• Assigned task
Print the line containing "Horseshoe Solitaire Engagement" and all lines after it, unchanged, through the end of the data. Leave the pictures out.

• Material provided
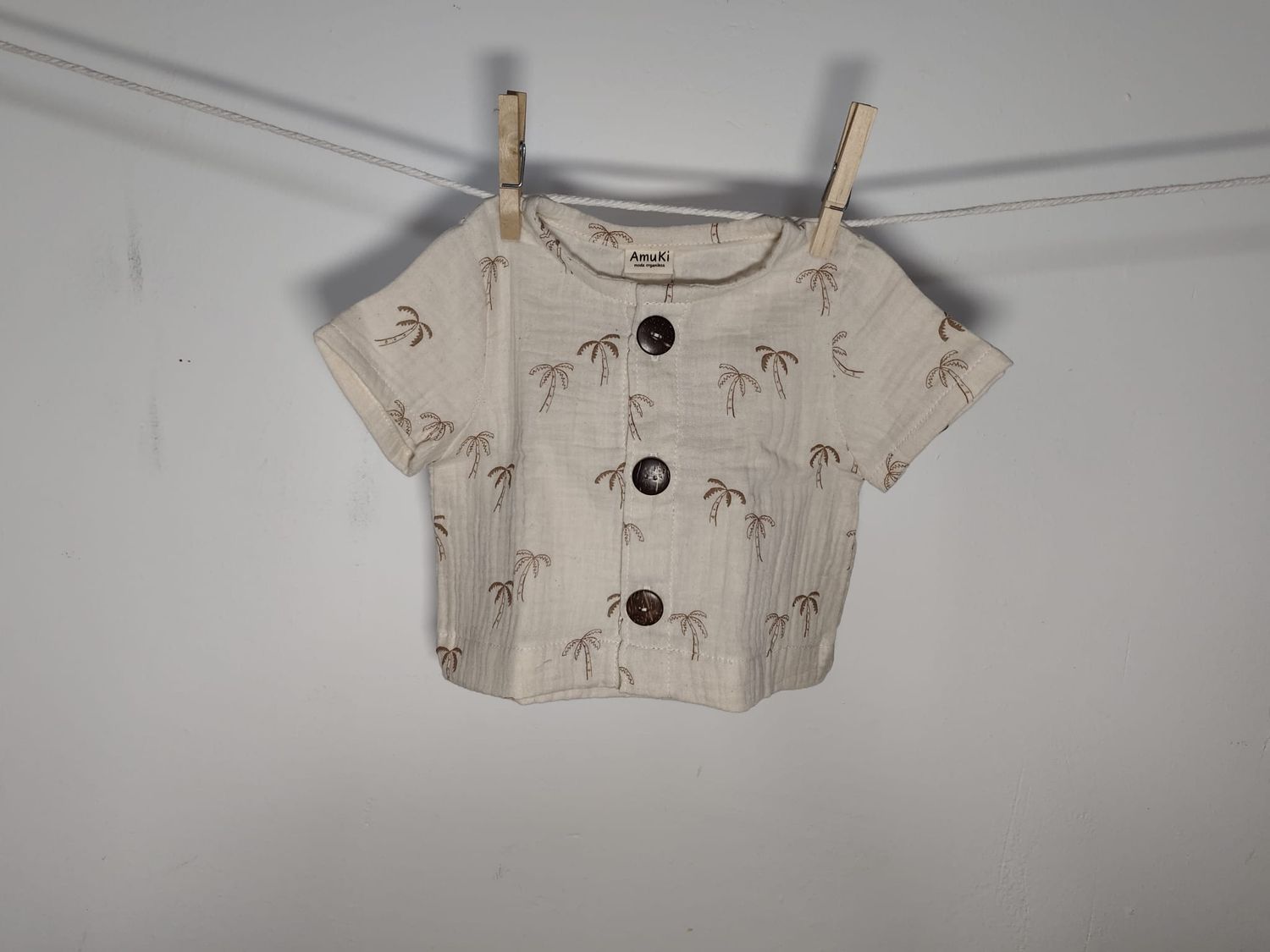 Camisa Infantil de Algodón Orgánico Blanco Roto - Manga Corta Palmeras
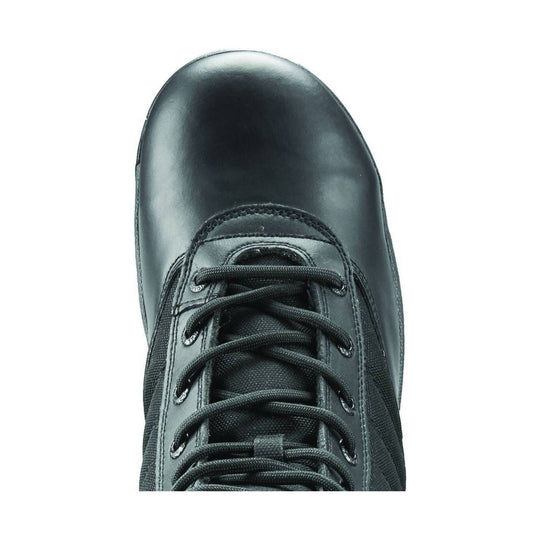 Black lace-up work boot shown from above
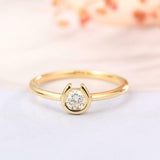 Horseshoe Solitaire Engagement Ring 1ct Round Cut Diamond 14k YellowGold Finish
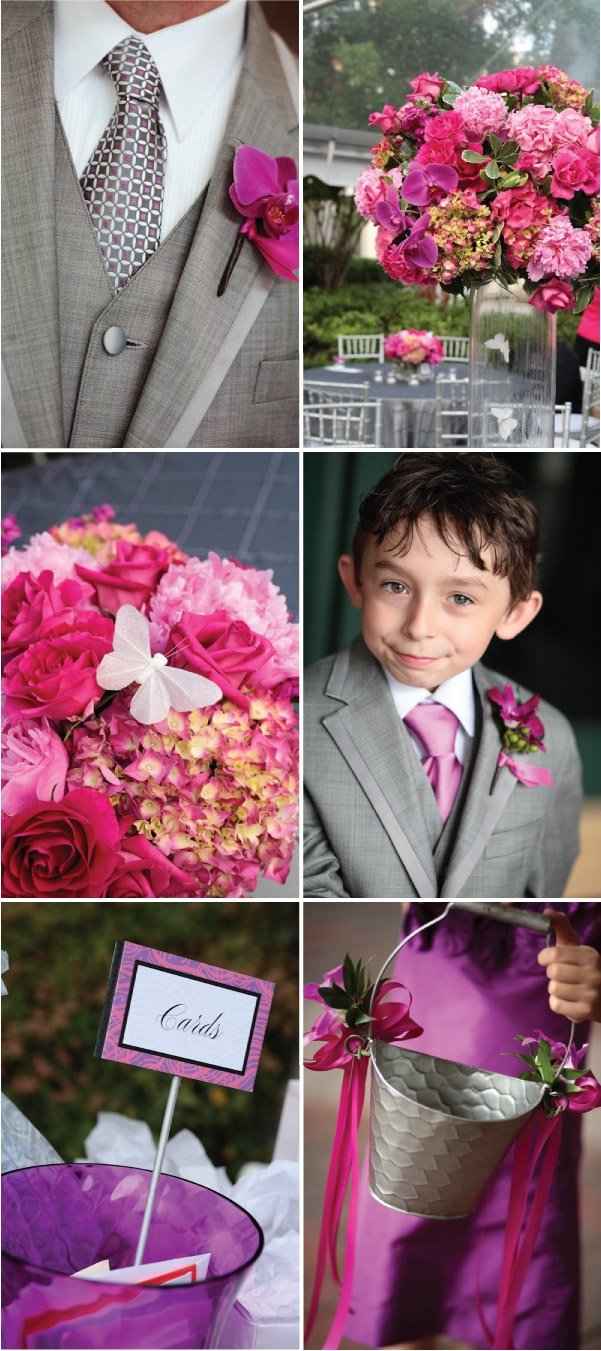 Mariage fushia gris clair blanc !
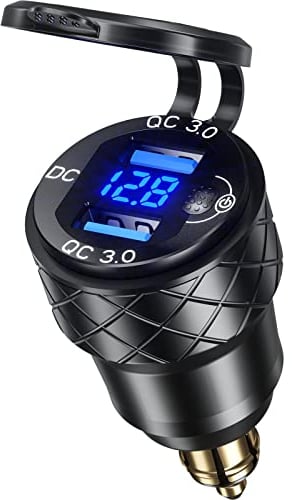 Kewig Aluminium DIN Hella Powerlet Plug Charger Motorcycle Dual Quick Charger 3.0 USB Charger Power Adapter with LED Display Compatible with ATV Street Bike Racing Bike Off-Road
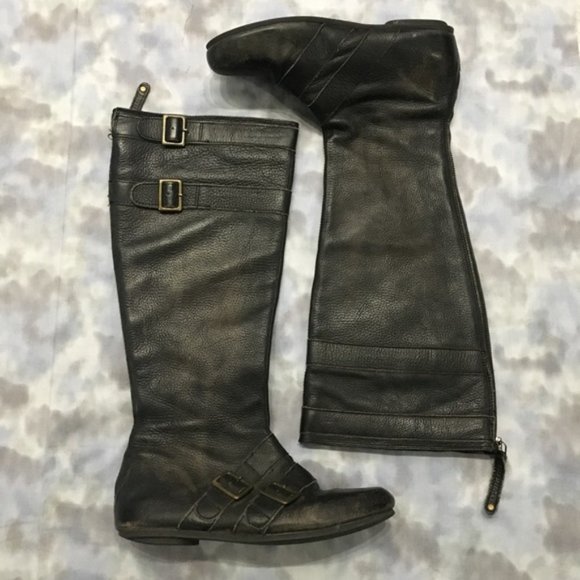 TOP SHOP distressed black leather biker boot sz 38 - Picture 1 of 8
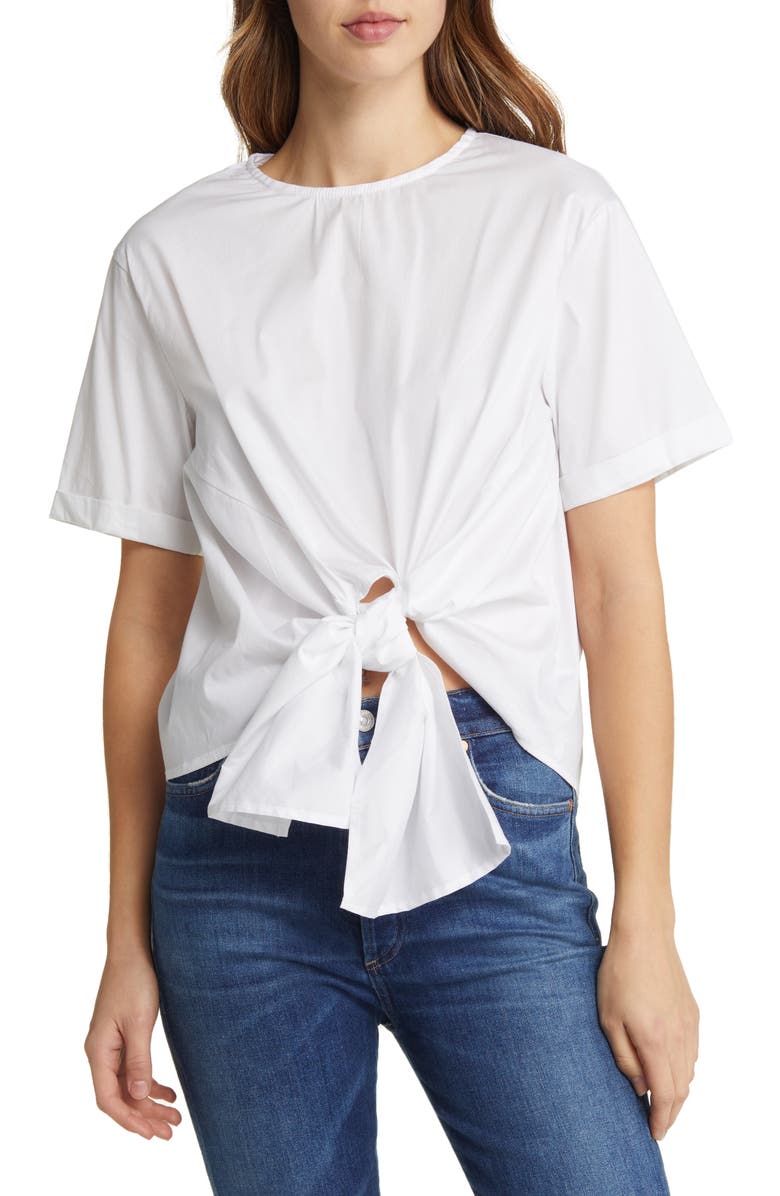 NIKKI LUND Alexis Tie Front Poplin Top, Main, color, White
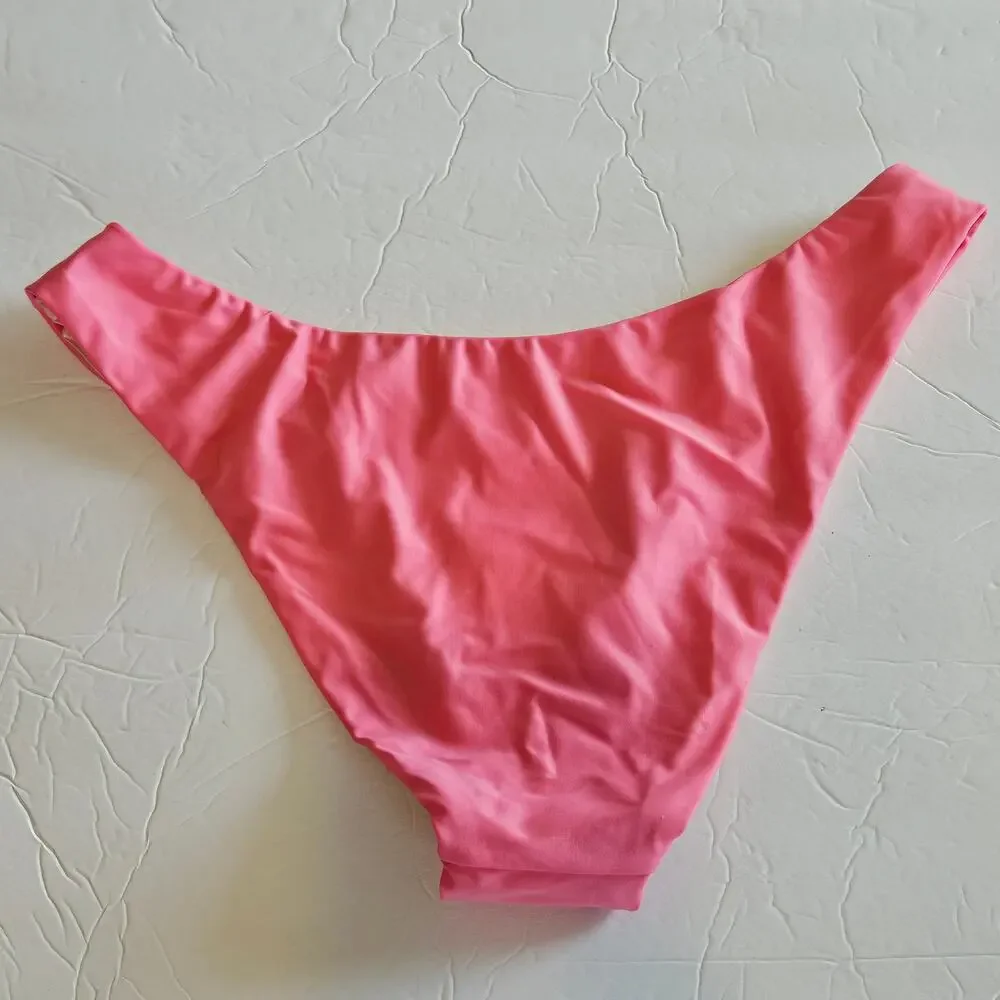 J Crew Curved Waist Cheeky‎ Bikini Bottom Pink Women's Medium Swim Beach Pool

• Task result
 Horseshoe Solitaire Engagement Ring 1ct Round Cut Diamond 14k YellowGold Finish
 Mariage fushia gris clair blanc !
 Kewig Aluminium DIN Hella Powerlet Plug Charger Motorcycle Dual Quick Charger 3.0 USB Charger Power Adapter with LED Display Compatible with ATV Street Bike Racing Bike Off-Road
 TOP SHOP distressed black leather biker boot sz 38 - Picture 1 of 8
 NIKKI LUND Alexis Tie Front Poplin Top, Main, color, White
 J Crew Curved Waist Cheeky‎ Bikini Bottom Pink Women's Medium Swim Beach Pool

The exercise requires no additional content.